Annie and Peggy do sound similar. I used to think Peggy was high-drive, but she's such a cuddly slug so much of the time, it's hard to say. She definitely requires a specific type of handler, though. She responds best to steady energy. She's been a great teacher for us.

I'll work on building more calming moments into her games of fetch. It's easy to get into a good groove and miss the signs that she's approaching her threshold.


----------



## PeggyTheParti (Sep 5, 2019)

Raindrops said:


> Misha definitely is into the growly play. One of his favorite games is to take an object and bring it to you, but growl at you when you reach for it and then duck away. Then he'll bring it closer and repeat. If he can tug with the item he'll do that. He likes to act super serious and upset when you try to touch it. But he's 100% joking and never actually tries to bite when he does it. If it's an item like a rock that he wants me to throw, I can just hold my hand out and eventually he'll give in and just drop it in my hand. Hopefully Peggy will cease with the biting when she outgrows the mouthy stage. It sounds like she's just getting over aroused.

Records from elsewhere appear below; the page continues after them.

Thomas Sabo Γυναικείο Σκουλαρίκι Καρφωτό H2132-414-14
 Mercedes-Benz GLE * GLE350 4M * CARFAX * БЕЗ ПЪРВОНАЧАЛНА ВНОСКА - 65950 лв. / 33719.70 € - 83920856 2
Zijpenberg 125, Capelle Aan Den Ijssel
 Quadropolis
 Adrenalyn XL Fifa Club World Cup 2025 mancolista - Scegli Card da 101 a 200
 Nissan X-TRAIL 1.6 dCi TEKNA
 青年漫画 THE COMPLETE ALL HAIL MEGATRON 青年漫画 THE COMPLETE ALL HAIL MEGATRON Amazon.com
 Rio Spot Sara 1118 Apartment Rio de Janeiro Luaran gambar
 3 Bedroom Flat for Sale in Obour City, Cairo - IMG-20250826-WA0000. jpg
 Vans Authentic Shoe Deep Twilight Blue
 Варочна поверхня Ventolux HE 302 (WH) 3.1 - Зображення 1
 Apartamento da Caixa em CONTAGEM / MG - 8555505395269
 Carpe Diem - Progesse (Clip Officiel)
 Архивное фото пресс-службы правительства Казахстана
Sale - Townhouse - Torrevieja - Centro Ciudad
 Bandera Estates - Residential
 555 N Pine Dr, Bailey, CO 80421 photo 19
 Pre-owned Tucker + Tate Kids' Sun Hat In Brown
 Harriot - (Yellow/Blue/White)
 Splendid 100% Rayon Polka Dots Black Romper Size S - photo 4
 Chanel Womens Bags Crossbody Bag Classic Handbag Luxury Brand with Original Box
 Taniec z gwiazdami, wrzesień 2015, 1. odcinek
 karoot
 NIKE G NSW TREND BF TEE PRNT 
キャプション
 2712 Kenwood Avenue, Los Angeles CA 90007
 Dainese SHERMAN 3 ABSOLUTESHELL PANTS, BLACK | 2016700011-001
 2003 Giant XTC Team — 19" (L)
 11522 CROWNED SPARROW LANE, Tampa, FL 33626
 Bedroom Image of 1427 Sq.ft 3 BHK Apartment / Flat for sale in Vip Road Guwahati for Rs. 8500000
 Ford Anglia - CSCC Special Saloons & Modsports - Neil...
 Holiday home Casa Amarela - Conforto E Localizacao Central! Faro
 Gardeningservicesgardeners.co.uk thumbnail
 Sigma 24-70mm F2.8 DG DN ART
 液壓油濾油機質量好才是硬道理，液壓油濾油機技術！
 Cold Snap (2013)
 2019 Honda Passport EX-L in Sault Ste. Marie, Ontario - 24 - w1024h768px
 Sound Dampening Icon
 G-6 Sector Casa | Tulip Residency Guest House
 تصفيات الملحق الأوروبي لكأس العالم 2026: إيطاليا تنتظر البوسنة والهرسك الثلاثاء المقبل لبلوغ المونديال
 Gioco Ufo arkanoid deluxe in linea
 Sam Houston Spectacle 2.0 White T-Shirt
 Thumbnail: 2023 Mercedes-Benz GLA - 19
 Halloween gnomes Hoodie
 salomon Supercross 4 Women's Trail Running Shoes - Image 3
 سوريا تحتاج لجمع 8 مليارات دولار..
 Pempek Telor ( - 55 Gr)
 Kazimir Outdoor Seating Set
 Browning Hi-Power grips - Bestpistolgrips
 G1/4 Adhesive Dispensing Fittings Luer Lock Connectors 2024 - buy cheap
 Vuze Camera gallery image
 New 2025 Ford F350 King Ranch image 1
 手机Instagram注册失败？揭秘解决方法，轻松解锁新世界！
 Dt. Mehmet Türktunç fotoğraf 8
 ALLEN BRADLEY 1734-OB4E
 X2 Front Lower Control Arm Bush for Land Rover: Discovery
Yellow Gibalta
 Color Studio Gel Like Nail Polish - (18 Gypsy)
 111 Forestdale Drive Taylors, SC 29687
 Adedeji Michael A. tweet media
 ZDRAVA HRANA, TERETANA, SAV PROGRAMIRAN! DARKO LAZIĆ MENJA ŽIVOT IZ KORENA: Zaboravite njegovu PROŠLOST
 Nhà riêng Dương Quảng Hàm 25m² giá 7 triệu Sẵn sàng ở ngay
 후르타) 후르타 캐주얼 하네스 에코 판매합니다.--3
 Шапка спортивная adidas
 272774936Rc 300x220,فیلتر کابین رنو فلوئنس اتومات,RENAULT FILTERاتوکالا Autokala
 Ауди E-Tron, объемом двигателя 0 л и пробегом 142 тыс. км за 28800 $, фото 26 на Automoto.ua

It's hard when you see a huge leap forward and then bad behaviours re-emerge or (worse!) start appearing for the first time. I was really enjoying this mature new Peggy of ours.

You've been good at reminding me it's a journey. Thank you 

And thanks for sharing Misha stories with me. He's such a character. I love getting to know all the poodle forum poodles.


----------



## Fenris-wolf (Apr 17, 2018)

I think it's a good idea for the game to be over. It's not while playing fetch, but Sisko used to mouth/go for my hands when I'd play tug with him. I'd say either no or ah and stopped playing with him and now he's more careful.


----------



## fjm (Jun 4, 2010)

My neighbour's terrier would snatch for the ball - the neighbour ended up needing stitches a couple of times. I didn't, as I simply refused to play if the dog made the smallest attempt to grab. I think it took about three sessions, and then she would wait a few feet away while I picked up the ball and threw it. She still grabbed at it when playing with her own human, though...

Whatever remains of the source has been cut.